The US Attorney General, Merrick Garland, announced that he will name Robert Hur as Special Counsel to lead investigations and review the handling of the classified documents found at an office space formerly used by President Biden during his tenure as Vice President, as well as other documents found at his home in Delaware.
Robert Hur, a former US attorney and former Principal Associate Deputy Attorney General who served in the Trump administration, will return to working for the government from private practice and is expected to begin his new duties in the coming days.
Attorney General Garland announced the appointment on Thursday, January 11, a few days after the White House announced that several classified files were found in the President’s former office space.
Garland announced that the extraordinary circumstances required him to appoint a special counsel. He said that his appointment showed the public that the Department of Justice was committed to accountability and independence in such sensitive matters, and facts and the law solely guided the decision.
The announcement was made a few hours after the White House announced that a second batch of classified documents had been found in the garage of Biden’s home in Wilmington, Delaware.
Biden’s lawyers found the first batch of documents in his former office on November 2 while packing boxes to vacate the Biden Center for Diplomacy and Global Engagement. President Biden had been using the office for four years, starting in 2017 after leaving the Vice President’s office, until his presidential campaign in 2020.
Garland’s announcement followed a similar decision in November 2022 to appoint special counsel Jack Smith to oversee Donald Trump’s pending criminal investigations, including classified files found in his Mar-a-Lago estate in Florida in 2021 after his presidency ended.
President Biden’s lawyer, Richard Sauber, said in a statement on Thursday that they will continue to cooperate with the investigation.
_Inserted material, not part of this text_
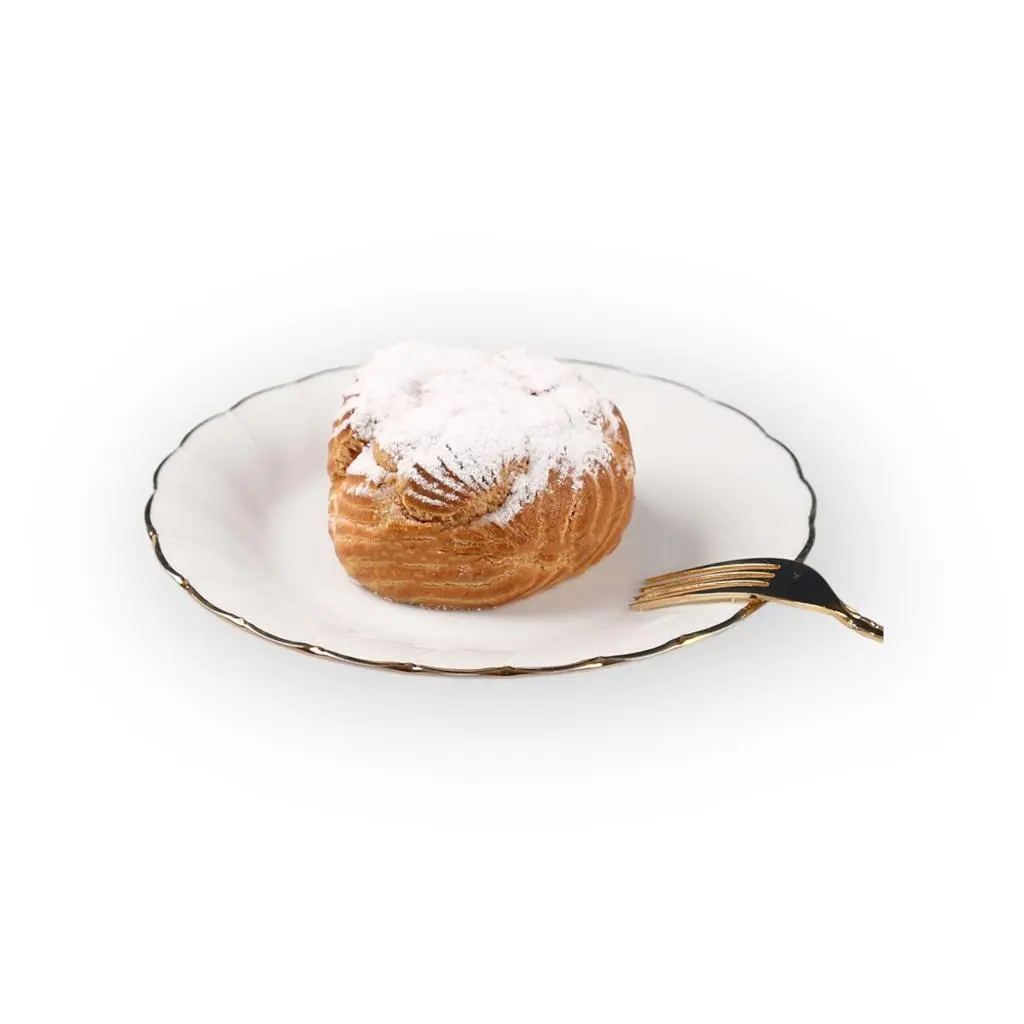 Vanilla Choux Cream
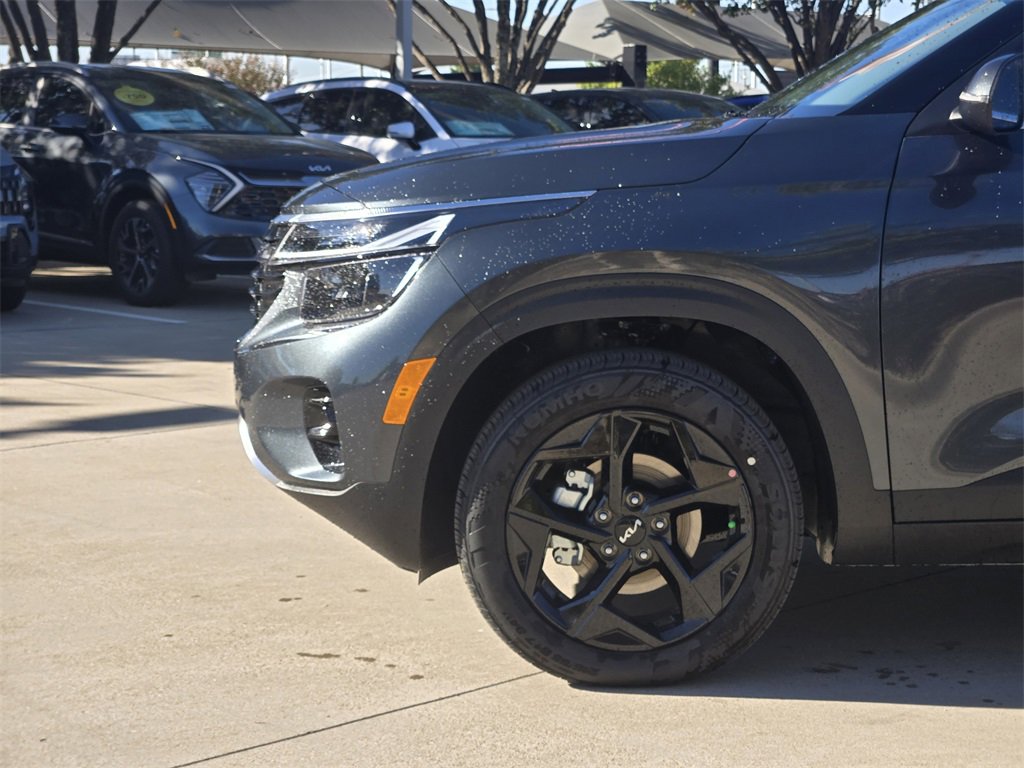 New 2026 Kia Seltos EX w/ EX Sunroof Package image 5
He said a thorough review will show that the documents were inadvertently misplaced and that the President and his lawyers acted swiftly after discovering the mistake.
Speaking to reporters on Thursday, White House Press Secretary Karine Jean-Pierre said Biden’s aides had looked into every place that the President could have stored classified documents, and reporters should assume that no more classified documents would be found.
During his announcement on Thursday, AG Garland gave reporters a timeline of the discovery and the beginning of the investigation. According to him, the Inspector General for the National Archives contacted a prosecutor on November 4, saying that classified documents were found at Biden’s former office. On December 20, the President’s lawyers informed authorities that they had found more documents in Biden’s garage.
The White House spoke out on January 9 about the first batch of documents found in the former office, and the next day, President Biden said at a news conference that he was surprised to hear of the discovery and had no idea what they contained.
On January 12, the White House announced a second batch had been found at Biden’s home.
House Speaker Kevin McCarthy said lawmakers would investigate the Department of Justice over the discovery, comparing the discovery of classified documents in the current US president’s office and house to the Trump case.
The difference in the cases was that Trump was resistant to an FBI search of his estate, while President Biden’s team cooperated fully with authorities.